Counselling -

Men Can Feel…But Not Too Much

rule05

Our social conditioning is something that many people never stop to consider. Our gender plays a big part in how we were trained to respond to different experiences in life. There are many unacceptable responses for one gender that are just fine for the other. If you have a good grasp on how your family of origin moulded you, that’s great. What’s equally important for a successful marriage is the ability to understand and work with the social conditioning patterns your mate was raised with. There are going to be habits that don’t work and need to be dropped. There are also many that are misunderstood yet are being acted upon with the best intentions.

Hi, I am a male. I live in a box. This box protects me at times but it also has some very tight restrictions. Im allowed to feel anger, happiness, and frustration. The box will not allow much for sadness or hurt. The great thing about the box, is that I have very few limits on my physical looks in order to be accepted in society.

My wife and the women I know also live in boxes, Theirs are the exact opposite. They can have almost any sort of feeling they want and its OK. Anger is often one theyre not supposed to feel. Other than that, its pretty wide open. There is a downside to their box though. They have tight restrictions on their physical looks. This causes many of them untold anxiety.

The box designed for each gender worked for many generations. The male box was defined by the male role to protect and provide. This includes limited sharing of personal information in order to protect the family from outside dangers.

The female box also worked for many generations. The female role was to attract a man who would provide and protect for her and her children. The way to do that was through her physical beauty.

For Men: Feelings are neutral with absolutely no good or bad value attached. The idea that feeling hurt or sad is wrong for men is absurd in our world today. It may have been effective when our main role was as a protector and provider and we needed to “suck it up” for the good of our family. Today men need a much broader emotional base in order to be successful in marriage. We need to learn new skills that are complimentary to our existing ones of self reliance.

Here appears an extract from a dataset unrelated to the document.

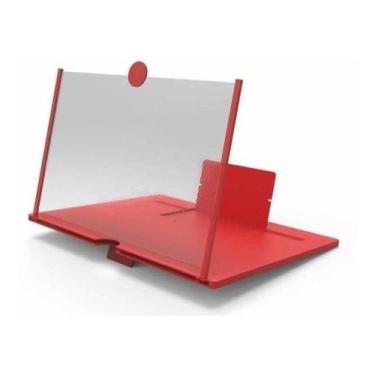 Imagem de Lente Ampliar Tela De Celular Aumento 3d Suporte Zoom Portatil  VERMEL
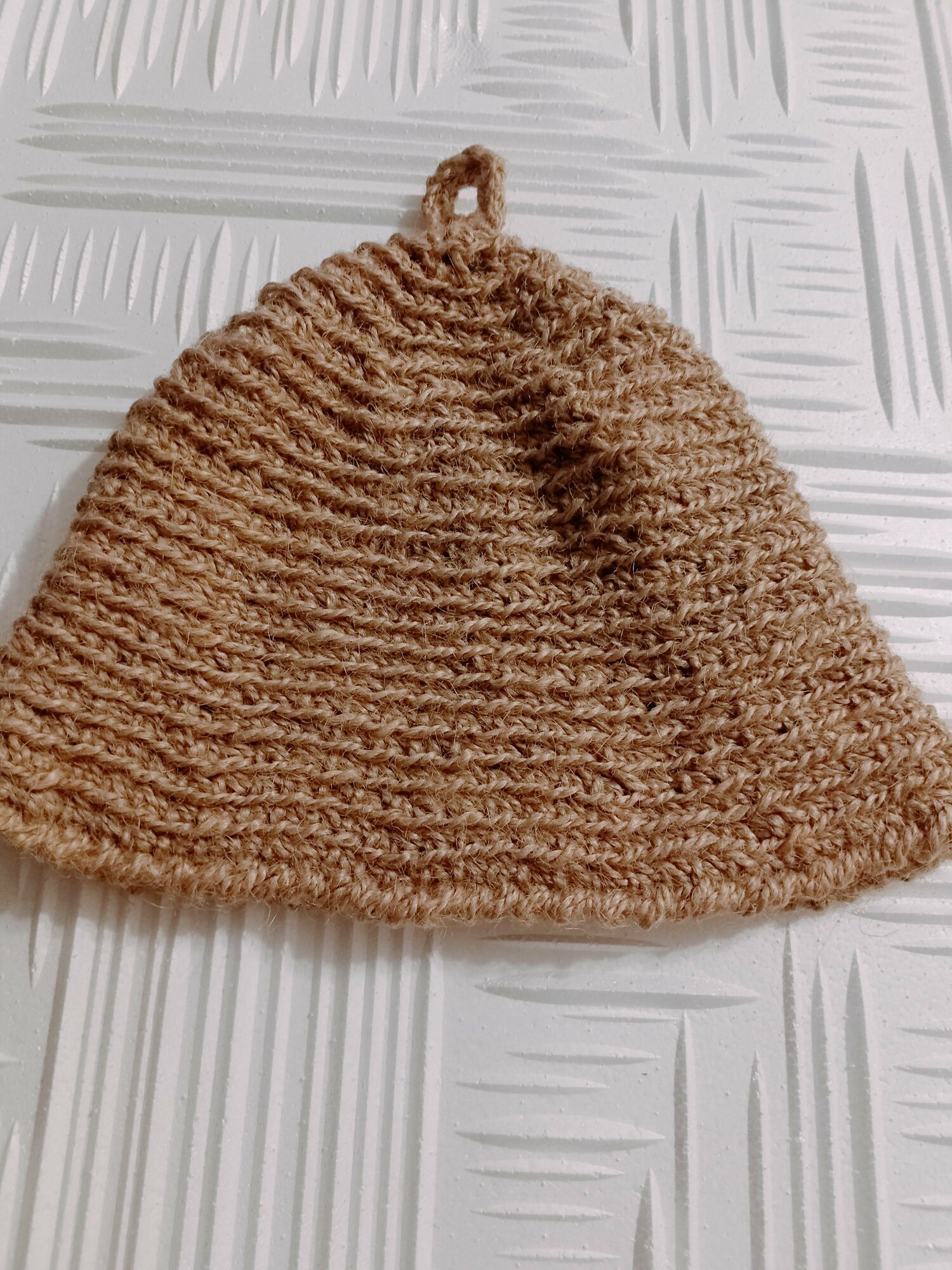 Шапка для бани из джута ручной работы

For Women: You are not your body. If you lost a finger would you still be you? Of course you would. It's widely believed that men are very shallow regarding the physical attractiveness of their wives. I disagree strongly. Women most commonly decide to divorce their spouse because he doesn't make them happy. The number one reason men divorce is because they believe they can’t make their wife happy anymore. The most important thing to a married man is that his wife is happy and that he is doing a good job, not that she has a perfect body.